Given entries: Begin

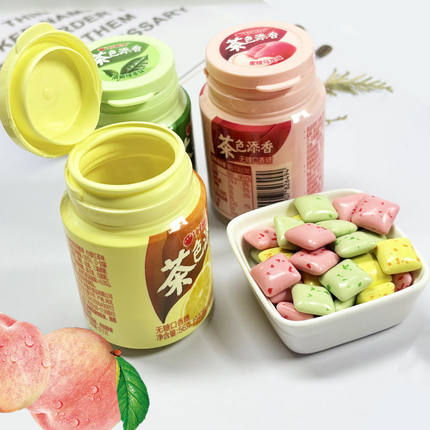 新品上市好丽友无糖口香糖茶色添香56g约40粒蜜桃乌龙味 绿茶红茶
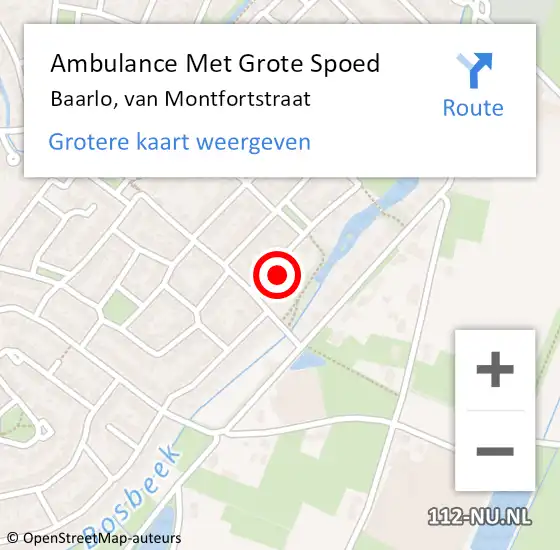 Locatie op kaart van de 112 melding: Ambulance Met Grote Spoed Naar Baarlo, van Montfortstraat op 7 maart 2015 22:54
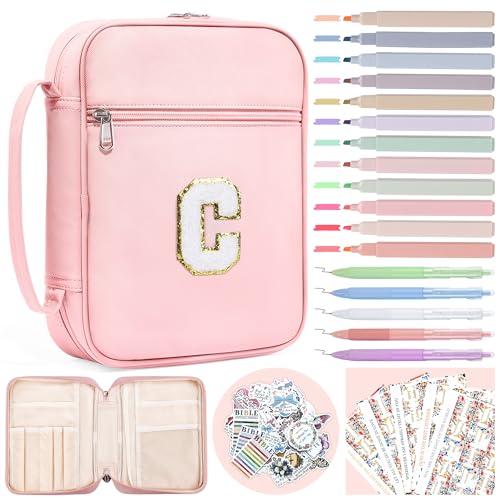 WOBAGMEN Bible Cover for Women,Pink PU Leather Personalized Bible Case with Bible Study Supplies,Including Tabs and Highlighter Set, Faith Chiristain Gift for Women Girls(Pink, C) - size: C
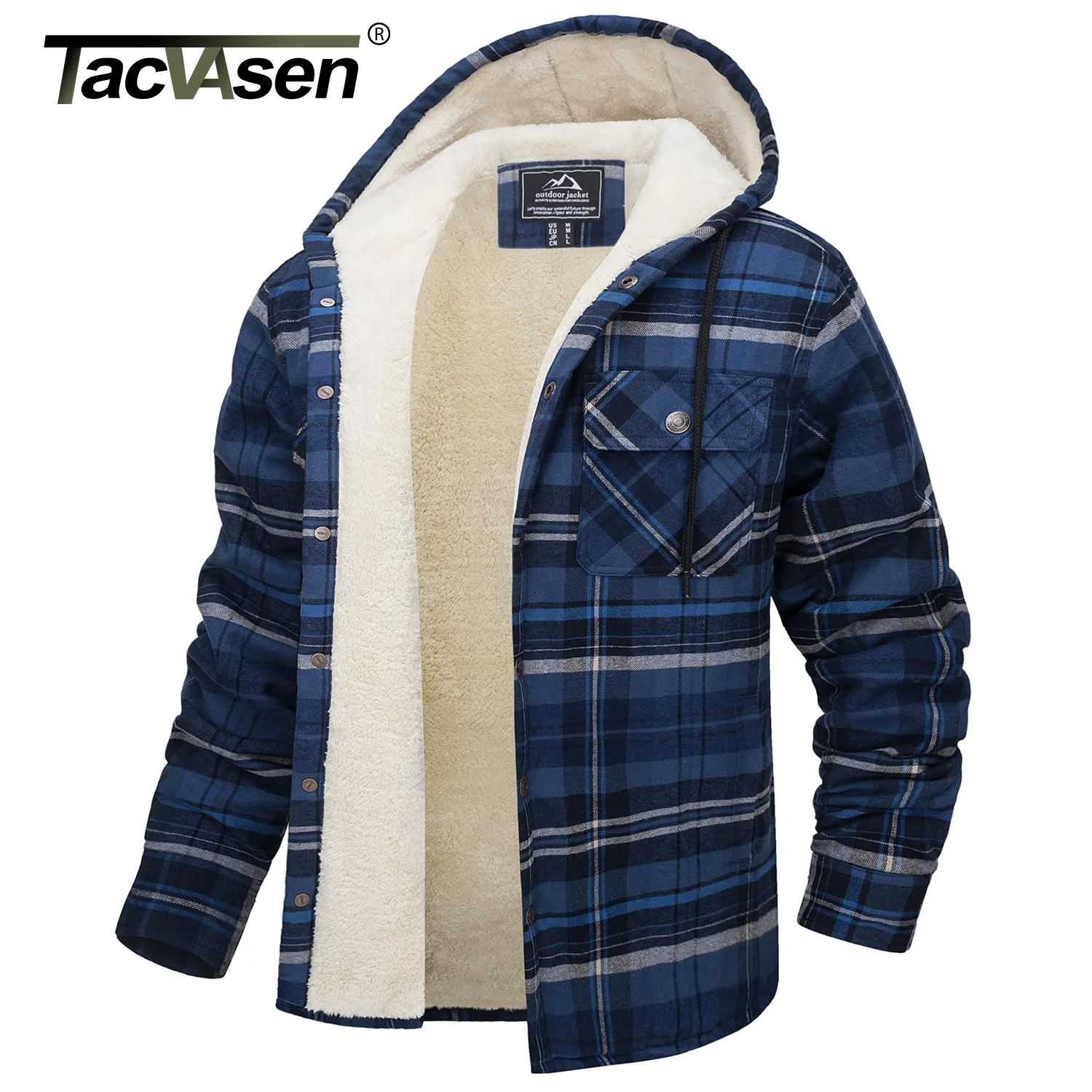 Mens Sherpa Lined Flannel Jacket Heavyweight Hooded Fleece Jacket Thicken Warm Button Down Plaid Outwear Coats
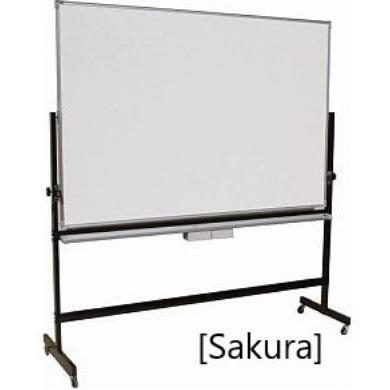 

Jual Papan Tulis / Whiteboard Magnetic Tiang + Roda 2 Sisi Sakura
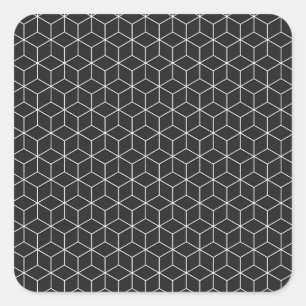 Explore Modern Optical Illusions with Cube Pattern Square Sticker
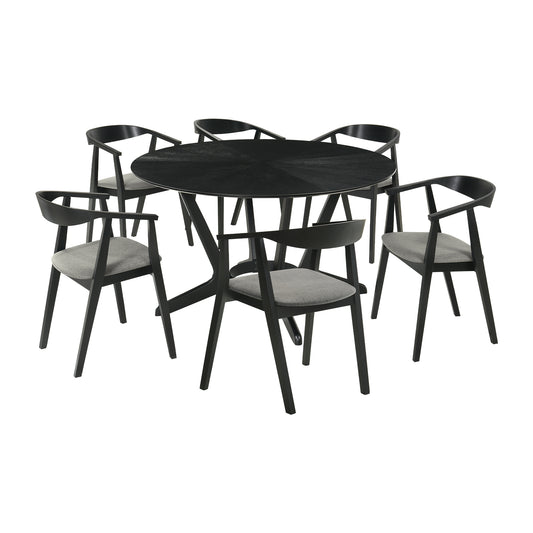 Santana 7 Piece Round Black Wood Dining Table Set with Charcoal Fabric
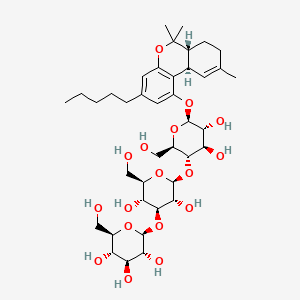 molecular formula C39H60O17 B10860952 (2S,3R,4S,5S,6R)-2-[(2S,3R,4S,5R,6R)-2-[(2R,3S,4R,5R,6S)-6-[[(6aR,10aR)-6,6,9-trimethyl-3-pentyl-6a,7,8,10a-tetrahydrobenzo[c]chromen-1-yl]oxy]-4,5-dihydroxy-2-(hydroxymethyl)oxan-3-yl]oxy-3,5-dihydroxy-6-(hydroxymethyl)oxan-4-yl]oxy-6-(hydroxymethyl)oxane-3,4,5-triol CAS No. 2699021-78-6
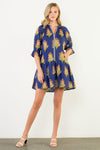 THML Navy Floral 3/4 Sleeve Dress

Given entries: End

Task description:
Print only the lines from the line that contains "Jual Papan Tulis" to the final line of the data, inclusive. Pictures stay out.

Task result:
Jual Papan Tulis / Whiteboard Magnetic Tiang + Roda 2 Sisi Sakura
 Explore Modern Optical Illusions with Cube Pattern Square Sticker
 Santana 7 Piece Round Black Wood Dining Table Set with Charcoal Fabric
 molecular formula C39H60O17 B10860952 (2S,3R,4S,5S,6R)-2-[(2S,3R,4S,5R,6R)-2-[(2R,3S,4R,5R,6S)-6-[[(6aR,10aR)-6,6,9-trimethyl-3-pentyl-6a,7,8,10a-tetrahydrobenzo[c]chromen-1-yl]oxy]-4,5-dihydroxy-2-(hydroxymethyl)oxan-3-yl]oxy-3,5-dihydroxy-6-(hydroxymethyl)oxan-4-yl]oxy-6-(hydroxymethyl)oxane-3,4,5-triol CAS No. 2699021-78-6
 THML Navy Floral 3/4 Sleeve Dress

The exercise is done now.